[[ Provided records open ]]
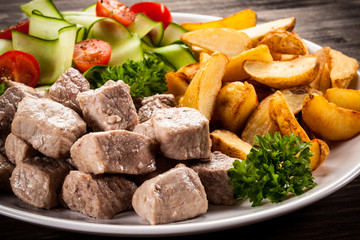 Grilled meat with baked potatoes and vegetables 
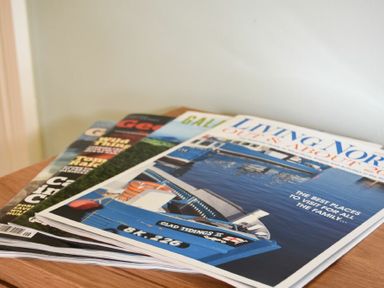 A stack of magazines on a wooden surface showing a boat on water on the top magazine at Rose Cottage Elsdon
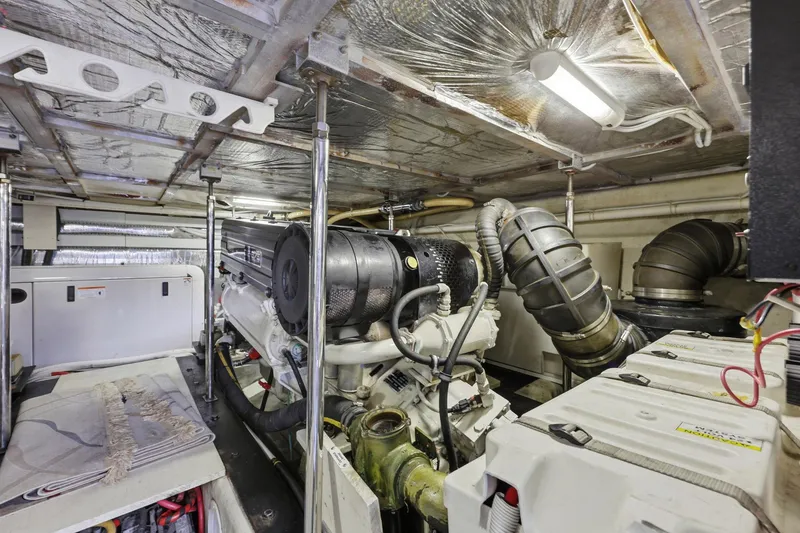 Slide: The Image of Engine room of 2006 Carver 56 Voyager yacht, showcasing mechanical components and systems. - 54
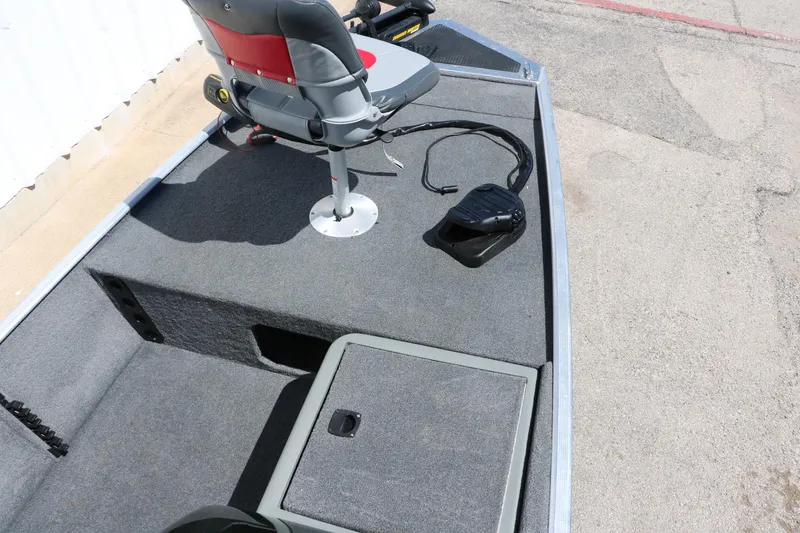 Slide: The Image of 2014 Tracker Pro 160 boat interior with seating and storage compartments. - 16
[[ Provided records closed ]]
[[ Provided records open ]]
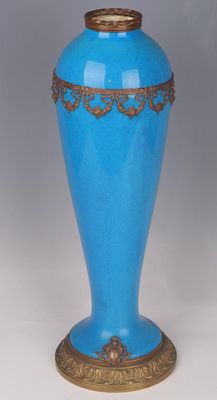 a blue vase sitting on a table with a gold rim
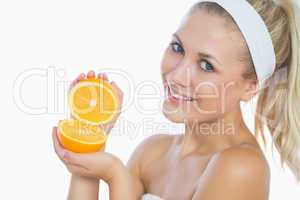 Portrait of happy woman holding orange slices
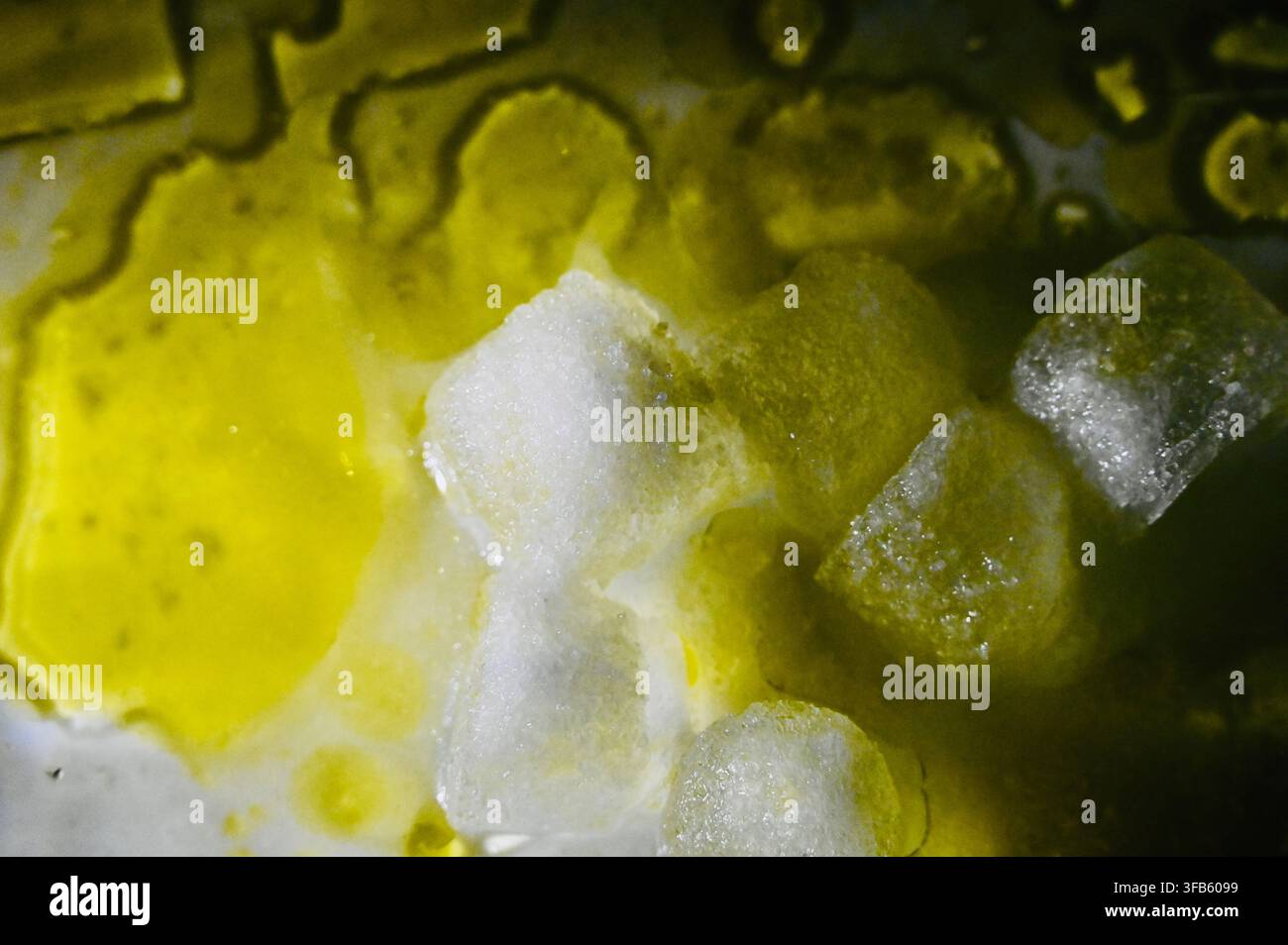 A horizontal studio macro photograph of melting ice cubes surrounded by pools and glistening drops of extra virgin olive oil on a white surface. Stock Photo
[[ Provided records closed ]]
[[ Provided records open ]]
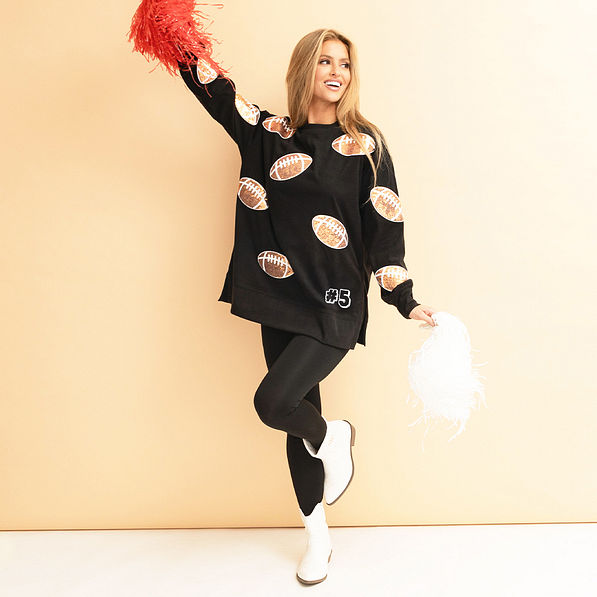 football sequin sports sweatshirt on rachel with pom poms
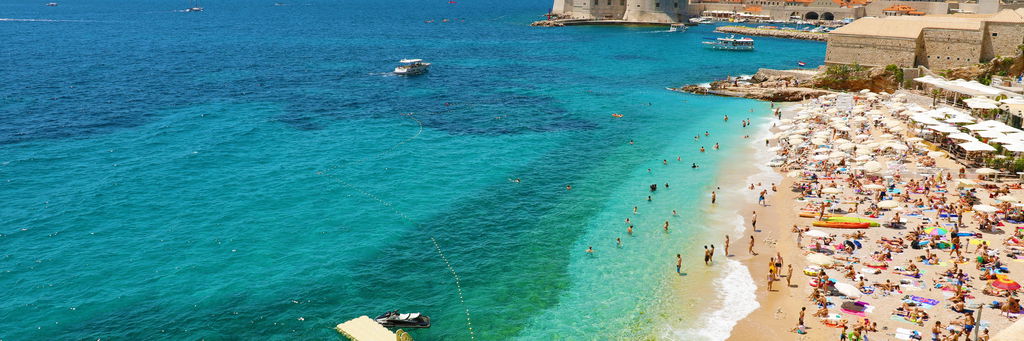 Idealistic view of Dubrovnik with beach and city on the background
[[ Provided records closed ]]
▶ **What to produce**: What's needed is an exact copy of the lines above from the one with "Grilled meat with" through the one with "Slide: The Image of 2014", both included; the pictures stay out.

▶ **Output of the task**:
 Grilled meat with baked potatoes and vegetables 
 A stack of magazines on a wooden surface showing a boat on water on the top magazine at Rose Cottage Elsdon
 Slide: The Image of Engine room of 2006 Carver 56 Voyager yacht, showcasing mechanical components and systems. - 54
 Slide: The Image of 2014 Tracker Pro 160 boat interior with seating and storage compartments. - 16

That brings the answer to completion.